===== Records shown =====

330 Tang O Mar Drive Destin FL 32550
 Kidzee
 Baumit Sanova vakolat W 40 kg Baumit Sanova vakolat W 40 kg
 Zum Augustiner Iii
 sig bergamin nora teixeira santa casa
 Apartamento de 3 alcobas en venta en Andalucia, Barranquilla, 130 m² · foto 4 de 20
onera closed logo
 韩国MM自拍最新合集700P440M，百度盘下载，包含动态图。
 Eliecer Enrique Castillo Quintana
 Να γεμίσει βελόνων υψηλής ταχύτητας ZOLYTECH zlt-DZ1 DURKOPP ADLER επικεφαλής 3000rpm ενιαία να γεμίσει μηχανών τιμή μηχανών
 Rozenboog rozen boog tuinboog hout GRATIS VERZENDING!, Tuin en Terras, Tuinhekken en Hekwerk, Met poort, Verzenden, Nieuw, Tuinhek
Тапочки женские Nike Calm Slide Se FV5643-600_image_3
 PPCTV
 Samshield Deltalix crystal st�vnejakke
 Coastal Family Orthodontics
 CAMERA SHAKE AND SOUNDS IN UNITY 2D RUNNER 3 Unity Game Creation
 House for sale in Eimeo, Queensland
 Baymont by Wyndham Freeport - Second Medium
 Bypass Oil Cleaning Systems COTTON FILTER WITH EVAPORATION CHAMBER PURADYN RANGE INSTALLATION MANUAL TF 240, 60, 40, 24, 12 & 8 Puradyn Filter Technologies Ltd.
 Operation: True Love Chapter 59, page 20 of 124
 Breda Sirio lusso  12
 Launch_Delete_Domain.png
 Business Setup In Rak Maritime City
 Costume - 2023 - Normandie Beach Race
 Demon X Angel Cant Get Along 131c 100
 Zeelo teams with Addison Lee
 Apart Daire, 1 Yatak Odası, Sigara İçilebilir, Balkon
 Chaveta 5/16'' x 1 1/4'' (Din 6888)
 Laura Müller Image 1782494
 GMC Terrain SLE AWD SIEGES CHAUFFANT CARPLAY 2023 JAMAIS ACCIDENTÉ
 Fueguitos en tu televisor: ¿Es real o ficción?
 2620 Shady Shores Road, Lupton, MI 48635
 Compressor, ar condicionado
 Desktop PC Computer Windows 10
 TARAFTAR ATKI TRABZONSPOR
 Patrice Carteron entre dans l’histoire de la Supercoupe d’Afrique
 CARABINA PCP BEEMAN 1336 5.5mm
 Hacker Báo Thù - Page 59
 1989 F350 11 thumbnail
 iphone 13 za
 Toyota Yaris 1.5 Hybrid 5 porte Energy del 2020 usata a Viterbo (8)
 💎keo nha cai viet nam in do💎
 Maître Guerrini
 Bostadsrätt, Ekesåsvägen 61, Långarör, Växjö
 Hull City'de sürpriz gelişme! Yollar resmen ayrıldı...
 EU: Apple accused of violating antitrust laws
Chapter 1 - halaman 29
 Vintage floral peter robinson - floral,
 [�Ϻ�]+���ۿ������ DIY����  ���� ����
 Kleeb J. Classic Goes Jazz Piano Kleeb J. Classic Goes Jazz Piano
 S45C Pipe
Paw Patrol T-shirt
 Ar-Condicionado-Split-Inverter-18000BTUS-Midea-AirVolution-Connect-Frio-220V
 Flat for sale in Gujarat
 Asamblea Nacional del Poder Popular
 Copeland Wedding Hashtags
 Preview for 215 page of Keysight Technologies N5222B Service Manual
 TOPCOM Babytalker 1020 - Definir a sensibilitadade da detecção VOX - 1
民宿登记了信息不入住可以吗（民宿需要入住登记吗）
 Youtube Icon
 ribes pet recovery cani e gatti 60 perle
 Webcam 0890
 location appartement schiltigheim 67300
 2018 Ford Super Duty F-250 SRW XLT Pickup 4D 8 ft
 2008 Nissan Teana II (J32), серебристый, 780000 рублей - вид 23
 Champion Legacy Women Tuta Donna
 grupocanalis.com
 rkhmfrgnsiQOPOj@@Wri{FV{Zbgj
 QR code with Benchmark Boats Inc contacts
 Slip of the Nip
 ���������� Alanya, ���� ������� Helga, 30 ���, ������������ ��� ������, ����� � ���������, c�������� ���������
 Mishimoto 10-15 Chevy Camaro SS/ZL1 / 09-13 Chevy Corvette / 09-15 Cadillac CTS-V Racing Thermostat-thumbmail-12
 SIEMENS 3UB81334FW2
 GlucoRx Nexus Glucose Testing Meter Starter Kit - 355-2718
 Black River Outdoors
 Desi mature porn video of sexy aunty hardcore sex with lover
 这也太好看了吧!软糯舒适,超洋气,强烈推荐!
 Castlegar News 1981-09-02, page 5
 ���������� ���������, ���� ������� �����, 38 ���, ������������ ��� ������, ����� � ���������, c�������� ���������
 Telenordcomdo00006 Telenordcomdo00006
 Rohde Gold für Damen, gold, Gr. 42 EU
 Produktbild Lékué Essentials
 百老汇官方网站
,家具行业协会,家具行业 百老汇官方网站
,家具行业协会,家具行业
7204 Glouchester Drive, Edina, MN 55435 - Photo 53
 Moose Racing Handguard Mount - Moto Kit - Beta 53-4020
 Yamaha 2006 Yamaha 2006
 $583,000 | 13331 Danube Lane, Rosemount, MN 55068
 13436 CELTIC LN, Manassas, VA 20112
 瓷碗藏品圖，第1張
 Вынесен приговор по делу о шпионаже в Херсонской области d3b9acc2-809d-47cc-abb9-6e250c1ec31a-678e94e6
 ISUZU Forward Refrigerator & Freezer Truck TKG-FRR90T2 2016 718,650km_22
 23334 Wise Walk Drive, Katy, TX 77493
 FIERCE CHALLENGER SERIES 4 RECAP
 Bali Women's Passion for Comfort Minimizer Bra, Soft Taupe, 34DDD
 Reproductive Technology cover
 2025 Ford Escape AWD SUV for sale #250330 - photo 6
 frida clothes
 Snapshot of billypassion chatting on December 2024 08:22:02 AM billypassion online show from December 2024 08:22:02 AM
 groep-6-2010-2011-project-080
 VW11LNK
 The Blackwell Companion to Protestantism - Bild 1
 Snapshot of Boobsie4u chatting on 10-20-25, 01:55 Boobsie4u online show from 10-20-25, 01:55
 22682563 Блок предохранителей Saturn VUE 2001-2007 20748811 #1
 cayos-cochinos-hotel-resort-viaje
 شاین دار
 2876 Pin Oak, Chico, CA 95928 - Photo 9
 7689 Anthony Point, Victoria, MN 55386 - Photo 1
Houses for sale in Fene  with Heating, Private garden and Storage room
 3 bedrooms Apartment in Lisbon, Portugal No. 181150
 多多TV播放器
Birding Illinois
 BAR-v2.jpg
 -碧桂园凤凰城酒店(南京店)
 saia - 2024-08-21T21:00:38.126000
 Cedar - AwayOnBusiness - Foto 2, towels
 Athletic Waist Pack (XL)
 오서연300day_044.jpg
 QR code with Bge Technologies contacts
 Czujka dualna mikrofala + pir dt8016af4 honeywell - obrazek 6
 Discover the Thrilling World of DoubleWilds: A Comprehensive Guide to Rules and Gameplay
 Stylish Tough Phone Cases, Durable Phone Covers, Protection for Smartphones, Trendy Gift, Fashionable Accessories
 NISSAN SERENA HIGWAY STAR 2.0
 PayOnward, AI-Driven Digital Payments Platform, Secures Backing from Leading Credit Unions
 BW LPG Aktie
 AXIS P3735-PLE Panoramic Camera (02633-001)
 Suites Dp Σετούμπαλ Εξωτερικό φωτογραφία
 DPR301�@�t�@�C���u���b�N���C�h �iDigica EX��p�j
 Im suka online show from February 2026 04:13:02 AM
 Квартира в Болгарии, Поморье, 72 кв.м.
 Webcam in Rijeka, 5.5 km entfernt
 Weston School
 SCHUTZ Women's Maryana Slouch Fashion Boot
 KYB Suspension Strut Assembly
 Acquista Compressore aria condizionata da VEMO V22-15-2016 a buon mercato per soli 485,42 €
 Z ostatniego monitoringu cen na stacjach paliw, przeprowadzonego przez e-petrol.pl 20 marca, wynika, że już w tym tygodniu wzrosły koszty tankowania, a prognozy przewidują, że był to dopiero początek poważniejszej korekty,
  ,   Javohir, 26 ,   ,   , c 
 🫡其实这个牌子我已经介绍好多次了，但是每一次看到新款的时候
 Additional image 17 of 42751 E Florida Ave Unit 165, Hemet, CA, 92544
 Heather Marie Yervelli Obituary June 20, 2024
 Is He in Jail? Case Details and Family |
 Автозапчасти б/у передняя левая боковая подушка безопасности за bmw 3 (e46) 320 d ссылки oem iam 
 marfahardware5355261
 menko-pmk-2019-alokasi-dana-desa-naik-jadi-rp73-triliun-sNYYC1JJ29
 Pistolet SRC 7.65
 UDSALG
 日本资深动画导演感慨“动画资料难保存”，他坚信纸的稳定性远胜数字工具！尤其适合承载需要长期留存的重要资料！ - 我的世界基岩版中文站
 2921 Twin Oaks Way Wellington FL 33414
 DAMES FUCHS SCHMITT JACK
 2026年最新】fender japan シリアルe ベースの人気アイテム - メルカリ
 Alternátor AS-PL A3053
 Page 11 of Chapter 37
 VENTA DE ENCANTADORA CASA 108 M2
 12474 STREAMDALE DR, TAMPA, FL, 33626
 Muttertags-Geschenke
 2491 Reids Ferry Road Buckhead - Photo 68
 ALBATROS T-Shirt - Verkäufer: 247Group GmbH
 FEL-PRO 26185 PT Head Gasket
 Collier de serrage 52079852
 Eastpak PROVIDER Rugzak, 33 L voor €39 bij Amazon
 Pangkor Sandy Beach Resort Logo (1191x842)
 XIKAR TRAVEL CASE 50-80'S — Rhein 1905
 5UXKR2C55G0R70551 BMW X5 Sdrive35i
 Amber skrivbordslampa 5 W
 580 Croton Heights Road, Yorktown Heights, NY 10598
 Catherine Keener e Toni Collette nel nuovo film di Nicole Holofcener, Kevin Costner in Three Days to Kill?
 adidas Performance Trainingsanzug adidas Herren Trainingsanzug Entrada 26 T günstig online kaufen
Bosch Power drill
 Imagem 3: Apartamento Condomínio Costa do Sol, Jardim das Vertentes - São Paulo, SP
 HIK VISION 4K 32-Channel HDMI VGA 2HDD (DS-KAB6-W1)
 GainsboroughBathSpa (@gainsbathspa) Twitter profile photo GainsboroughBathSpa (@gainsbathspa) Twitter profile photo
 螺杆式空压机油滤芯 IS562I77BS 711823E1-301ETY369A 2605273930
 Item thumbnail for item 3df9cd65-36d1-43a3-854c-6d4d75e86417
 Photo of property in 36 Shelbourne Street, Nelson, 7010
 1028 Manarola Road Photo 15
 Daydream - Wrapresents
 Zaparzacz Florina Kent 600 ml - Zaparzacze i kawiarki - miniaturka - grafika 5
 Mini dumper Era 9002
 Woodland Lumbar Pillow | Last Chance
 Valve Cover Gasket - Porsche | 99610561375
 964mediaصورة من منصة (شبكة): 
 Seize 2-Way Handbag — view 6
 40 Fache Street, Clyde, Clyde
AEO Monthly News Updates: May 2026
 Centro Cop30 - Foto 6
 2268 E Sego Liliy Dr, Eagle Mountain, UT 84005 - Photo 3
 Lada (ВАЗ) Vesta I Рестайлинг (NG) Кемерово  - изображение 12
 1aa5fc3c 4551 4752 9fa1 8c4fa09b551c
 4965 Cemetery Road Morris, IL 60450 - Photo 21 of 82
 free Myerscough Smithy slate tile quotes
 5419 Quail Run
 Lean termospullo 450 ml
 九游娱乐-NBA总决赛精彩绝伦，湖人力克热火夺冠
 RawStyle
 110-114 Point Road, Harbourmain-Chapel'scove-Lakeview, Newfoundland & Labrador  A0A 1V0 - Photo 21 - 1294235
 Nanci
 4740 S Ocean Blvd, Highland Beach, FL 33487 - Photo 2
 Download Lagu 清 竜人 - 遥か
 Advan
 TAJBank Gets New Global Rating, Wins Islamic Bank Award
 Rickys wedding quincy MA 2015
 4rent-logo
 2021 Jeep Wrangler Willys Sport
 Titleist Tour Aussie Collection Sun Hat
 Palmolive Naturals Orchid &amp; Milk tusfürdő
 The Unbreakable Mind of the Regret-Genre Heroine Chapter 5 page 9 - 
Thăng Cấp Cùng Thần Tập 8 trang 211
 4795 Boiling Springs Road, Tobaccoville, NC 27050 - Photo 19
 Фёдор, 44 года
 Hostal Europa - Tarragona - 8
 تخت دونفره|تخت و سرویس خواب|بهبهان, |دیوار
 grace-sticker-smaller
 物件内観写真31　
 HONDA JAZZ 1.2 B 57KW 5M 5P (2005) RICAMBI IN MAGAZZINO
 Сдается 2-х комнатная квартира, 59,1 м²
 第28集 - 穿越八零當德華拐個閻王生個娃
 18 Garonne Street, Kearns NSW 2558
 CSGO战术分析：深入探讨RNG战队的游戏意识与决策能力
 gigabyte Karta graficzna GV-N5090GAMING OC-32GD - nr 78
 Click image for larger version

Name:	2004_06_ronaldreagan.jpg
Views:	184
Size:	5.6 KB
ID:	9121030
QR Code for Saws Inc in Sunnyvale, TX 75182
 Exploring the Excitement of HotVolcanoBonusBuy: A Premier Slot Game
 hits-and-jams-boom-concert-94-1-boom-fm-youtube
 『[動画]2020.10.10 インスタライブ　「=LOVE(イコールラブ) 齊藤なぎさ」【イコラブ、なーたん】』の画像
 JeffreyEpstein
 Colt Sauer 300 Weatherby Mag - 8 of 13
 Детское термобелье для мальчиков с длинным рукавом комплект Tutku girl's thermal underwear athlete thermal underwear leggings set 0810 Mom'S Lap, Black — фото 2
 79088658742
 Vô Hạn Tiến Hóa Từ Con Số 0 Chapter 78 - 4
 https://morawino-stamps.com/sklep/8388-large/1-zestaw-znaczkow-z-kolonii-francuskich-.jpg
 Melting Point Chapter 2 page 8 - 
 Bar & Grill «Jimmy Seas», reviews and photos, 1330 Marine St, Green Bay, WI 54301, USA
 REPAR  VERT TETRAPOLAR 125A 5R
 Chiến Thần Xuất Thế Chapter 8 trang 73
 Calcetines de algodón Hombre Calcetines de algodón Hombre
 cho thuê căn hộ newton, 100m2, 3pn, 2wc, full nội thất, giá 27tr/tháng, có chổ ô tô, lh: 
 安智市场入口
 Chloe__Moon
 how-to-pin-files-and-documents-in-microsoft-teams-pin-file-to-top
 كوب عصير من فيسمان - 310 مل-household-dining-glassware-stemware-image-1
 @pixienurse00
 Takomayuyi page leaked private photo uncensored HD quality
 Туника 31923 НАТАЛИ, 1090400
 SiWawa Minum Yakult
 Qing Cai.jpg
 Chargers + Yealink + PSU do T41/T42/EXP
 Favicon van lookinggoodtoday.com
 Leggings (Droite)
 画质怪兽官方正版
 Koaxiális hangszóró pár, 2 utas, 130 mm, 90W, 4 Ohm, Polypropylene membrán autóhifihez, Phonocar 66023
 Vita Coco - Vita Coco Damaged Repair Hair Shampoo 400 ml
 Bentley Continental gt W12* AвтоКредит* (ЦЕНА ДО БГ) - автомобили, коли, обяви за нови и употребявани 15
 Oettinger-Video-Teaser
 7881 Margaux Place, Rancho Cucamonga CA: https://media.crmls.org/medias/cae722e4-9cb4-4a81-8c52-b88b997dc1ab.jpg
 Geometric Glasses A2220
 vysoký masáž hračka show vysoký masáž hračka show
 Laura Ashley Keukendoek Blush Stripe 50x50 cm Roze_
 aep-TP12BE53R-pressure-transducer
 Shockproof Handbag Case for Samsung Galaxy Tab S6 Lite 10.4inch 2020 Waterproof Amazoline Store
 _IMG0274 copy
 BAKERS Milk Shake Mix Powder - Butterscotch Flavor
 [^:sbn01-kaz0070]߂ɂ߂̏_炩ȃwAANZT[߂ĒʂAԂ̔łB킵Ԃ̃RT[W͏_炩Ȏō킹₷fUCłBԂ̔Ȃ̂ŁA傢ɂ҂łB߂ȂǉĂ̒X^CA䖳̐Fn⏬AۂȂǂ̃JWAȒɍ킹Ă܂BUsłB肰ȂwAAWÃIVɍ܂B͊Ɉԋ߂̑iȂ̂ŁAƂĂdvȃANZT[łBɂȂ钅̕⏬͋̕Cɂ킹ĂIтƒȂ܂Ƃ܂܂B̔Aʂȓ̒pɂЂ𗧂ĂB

=====

## [Required action]
Would you copy out exactly the lines above that start at the one containing "4795 Boiling Springs" and end at the one containing "Chiến Thần Xuất Thế Chapter 8 trang 73", inclusive?

## [Output for this exercise]
 4795 Boiling Springs Road, Tobaccoville, NC 27050 - Photo 19
 Фёдор, 44 года
 Hostal Europa - Tarragona - 8
 تخت دونفره|تخت و سرویس خواب|بهبهان, |دیوار
 grace-sticker-smaller
 物件内観写真31　
 HONDA JAZZ 1.2 B 57KW 5M 5P (2005) RICAMBI IN MAGAZZINO
 Сдается 2-х комнатная квартира, 59,1 м²
 第28集 - 穿越八零當德華拐個閻王生個娃
 18 Garonne Street, Kearns NSW 2558
 CSGO战术分析：深入探讨RNG战队的游戏意识与决策能力
 gigabyte Karta graficzna GV-N5090GAMING OC-32GD - nr 78
 Click image for larger version

Name:	2004_06_ronaldreagan.jpg
Views:	184
Size:	5.6 KB
ID:	9121030
QR Code for Saws Inc in Sunnyvale, TX 75182
 Exploring the Excitement of HotVolcanoBonusBuy: A Premier Slot Game
 hits-and-jams-boom-concert-94-1-boom-fm-youtube
 『[動画]2020.10.10 インスタライブ　「=LOVE(イコールラブ) 齊藤なぎさ」【イコラブ、なーたん】』の画像
 JeffreyEpstein
 Colt Sauer 300 Weatherby Mag - 8 of 13
 Детское термобелье для мальчиков с длинным рукавом комплект Tutku girl's thermal underwear athlete thermal underwear leggings set 0810 Mom'S Lap, Black — фото 2
 79088658742
 Vô Hạn Tiến Hóa Từ Con Số 0 Chapter 78 - 4
 https://morawino-stamps.com/sklep/8388-large/1-zestaw-znaczkow-z-kolonii-francuskich-.jpg
 Melting Point Chapter 2 page 8 - 
 Bar & Grill «Jimmy Seas», reviews and photos, 1330 Marine St, Green Bay, WI 54301, USA
 REPAR  VERT TETRAPOLAR 125A 5R
 Chiến Thần Xuất Thế Chapter 8 trang 73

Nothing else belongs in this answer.